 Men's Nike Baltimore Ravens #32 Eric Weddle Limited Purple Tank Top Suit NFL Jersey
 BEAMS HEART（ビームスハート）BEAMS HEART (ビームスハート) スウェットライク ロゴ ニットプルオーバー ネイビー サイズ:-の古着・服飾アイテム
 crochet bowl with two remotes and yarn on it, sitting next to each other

---

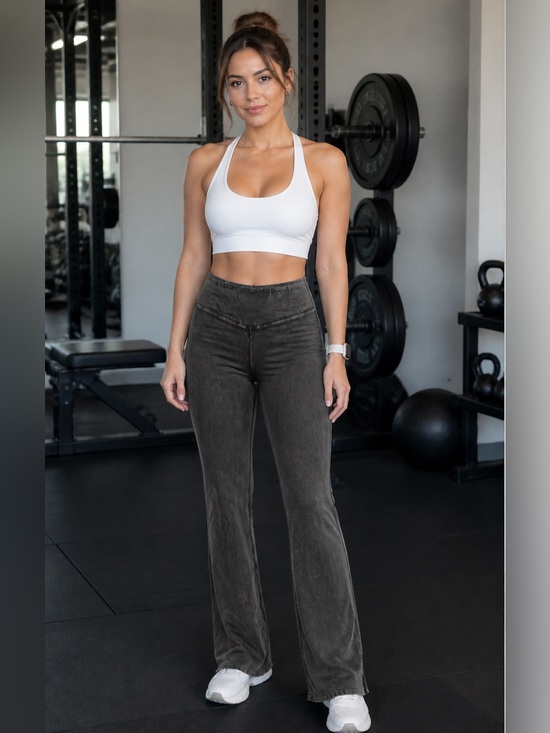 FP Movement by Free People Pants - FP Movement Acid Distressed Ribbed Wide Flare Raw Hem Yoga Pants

---

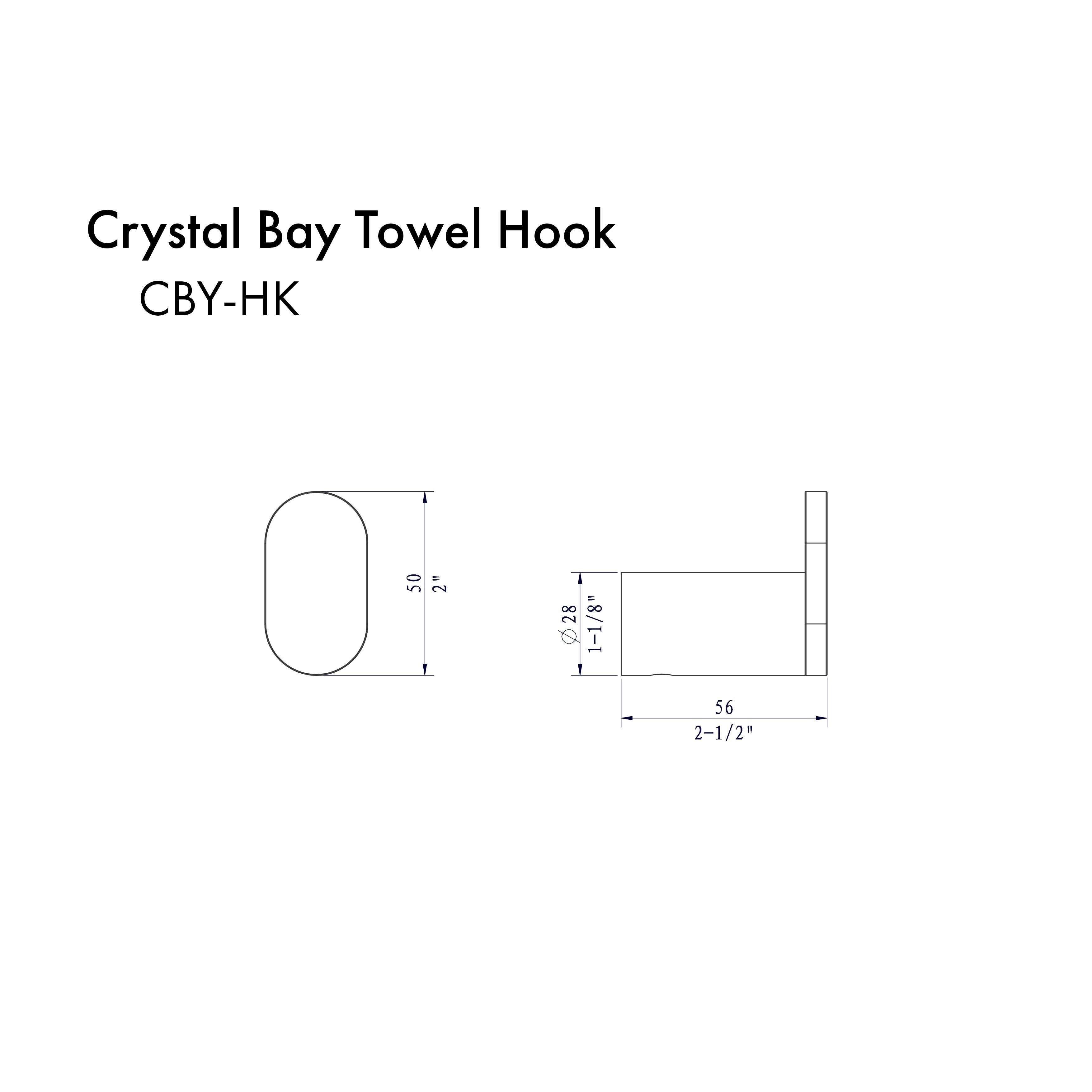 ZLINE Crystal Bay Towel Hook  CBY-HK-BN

_PROBLEM TO SOLVE_
For the material above, reproduce exactly the lines from the line with "Men's Nike Baltimore" to the line with "crochet bowl with", inclusive, and exclude all others.

_EXERCISE OUTPUT_
 Men's Nike Baltimore Ravens #32 Eric Weddle Limited Purple Tank Top Suit NFL Jersey
 BEAMS HEART（ビームスハート）BEAMS HEART (ビームスハート) スウェットライク ロゴ ニットプルオーバー ネイビー サイズ:-の古着・服飾アイテム
 crochet bowl with two remotes and yarn on it, sitting next to each other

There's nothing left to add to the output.